# Action item:
When the line with "The harbor of" is reached, include it and stop; before that, copy each line of the listing exactly from the first.
# # # #
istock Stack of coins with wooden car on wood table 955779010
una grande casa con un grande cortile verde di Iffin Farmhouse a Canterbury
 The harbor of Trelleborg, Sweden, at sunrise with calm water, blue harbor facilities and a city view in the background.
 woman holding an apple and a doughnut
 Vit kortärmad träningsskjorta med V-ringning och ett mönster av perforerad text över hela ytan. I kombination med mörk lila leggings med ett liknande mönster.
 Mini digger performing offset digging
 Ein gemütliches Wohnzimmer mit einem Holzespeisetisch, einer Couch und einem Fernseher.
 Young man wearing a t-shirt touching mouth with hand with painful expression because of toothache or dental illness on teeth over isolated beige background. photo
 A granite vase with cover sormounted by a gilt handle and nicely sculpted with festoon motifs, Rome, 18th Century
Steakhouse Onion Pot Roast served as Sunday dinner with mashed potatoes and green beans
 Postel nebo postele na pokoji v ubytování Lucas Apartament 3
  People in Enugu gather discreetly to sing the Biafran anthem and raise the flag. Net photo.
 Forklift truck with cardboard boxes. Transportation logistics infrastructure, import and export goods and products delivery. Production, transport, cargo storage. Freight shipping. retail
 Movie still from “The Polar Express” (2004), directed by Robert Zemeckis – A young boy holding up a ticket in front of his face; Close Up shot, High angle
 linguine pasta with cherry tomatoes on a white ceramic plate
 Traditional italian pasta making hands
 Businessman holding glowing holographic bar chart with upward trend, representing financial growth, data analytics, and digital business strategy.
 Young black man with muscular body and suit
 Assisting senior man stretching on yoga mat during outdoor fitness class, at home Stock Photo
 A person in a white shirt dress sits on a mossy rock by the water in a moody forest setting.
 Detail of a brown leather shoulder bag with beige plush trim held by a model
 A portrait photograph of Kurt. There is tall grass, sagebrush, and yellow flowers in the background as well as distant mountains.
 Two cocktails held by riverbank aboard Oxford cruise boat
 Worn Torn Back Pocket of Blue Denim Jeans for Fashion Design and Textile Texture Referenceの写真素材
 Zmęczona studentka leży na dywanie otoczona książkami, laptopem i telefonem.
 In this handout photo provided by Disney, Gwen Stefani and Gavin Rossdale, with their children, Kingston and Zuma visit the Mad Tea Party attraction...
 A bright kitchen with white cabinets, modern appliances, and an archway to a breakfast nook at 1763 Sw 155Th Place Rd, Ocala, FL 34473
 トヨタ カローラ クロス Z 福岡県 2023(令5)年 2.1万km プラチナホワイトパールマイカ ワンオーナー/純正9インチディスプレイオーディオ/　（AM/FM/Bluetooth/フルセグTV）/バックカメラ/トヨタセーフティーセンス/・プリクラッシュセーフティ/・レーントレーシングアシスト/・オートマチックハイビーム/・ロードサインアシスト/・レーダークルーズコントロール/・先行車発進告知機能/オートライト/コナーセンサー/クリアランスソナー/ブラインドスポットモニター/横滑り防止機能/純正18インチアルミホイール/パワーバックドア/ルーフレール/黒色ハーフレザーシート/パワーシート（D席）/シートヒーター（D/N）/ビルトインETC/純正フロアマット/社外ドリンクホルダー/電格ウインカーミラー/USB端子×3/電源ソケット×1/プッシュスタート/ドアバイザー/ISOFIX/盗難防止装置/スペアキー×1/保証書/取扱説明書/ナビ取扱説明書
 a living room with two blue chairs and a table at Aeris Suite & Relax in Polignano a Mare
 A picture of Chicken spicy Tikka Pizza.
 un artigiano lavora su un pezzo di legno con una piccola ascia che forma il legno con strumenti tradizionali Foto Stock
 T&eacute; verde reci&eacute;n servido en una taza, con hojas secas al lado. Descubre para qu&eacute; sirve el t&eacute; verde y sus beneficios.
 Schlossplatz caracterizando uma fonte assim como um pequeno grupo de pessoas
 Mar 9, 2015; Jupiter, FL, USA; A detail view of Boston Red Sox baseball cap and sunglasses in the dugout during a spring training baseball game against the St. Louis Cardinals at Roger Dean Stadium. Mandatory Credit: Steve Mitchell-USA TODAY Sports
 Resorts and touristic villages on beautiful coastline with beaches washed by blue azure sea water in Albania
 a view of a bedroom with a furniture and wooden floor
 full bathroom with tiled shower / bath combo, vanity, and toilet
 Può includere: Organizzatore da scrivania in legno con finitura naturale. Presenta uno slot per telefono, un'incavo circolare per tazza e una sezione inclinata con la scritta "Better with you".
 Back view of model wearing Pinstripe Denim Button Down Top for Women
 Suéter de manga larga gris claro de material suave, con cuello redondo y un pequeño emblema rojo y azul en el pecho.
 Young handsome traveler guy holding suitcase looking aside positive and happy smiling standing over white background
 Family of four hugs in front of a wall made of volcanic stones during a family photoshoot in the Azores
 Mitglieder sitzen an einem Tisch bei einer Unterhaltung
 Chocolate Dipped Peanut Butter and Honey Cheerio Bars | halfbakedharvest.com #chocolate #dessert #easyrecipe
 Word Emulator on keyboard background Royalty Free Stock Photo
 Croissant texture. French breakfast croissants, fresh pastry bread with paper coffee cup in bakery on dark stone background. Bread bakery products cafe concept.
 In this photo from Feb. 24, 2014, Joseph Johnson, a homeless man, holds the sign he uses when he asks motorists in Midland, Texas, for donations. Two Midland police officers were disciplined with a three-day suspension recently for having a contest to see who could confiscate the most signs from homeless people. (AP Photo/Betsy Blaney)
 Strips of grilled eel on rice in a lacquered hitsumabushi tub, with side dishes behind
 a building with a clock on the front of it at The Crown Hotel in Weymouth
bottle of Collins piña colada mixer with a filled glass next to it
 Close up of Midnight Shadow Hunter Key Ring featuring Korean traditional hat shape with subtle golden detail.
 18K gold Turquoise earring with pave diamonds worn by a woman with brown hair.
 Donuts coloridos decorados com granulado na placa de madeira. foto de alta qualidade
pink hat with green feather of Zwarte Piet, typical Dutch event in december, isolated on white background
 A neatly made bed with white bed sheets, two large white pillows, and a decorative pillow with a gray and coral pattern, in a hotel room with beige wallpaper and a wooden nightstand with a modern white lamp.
# # # #
# Response to this exercise:
istock Stack of coins with wooden car on wood table 955779010
una grande casa con un grande cortile verde di Iffin Farmhouse a Canterbury
 The harbor of Trelleborg, Sweden, at sunrise with calm water, blue harbor facilities and a city view in the background.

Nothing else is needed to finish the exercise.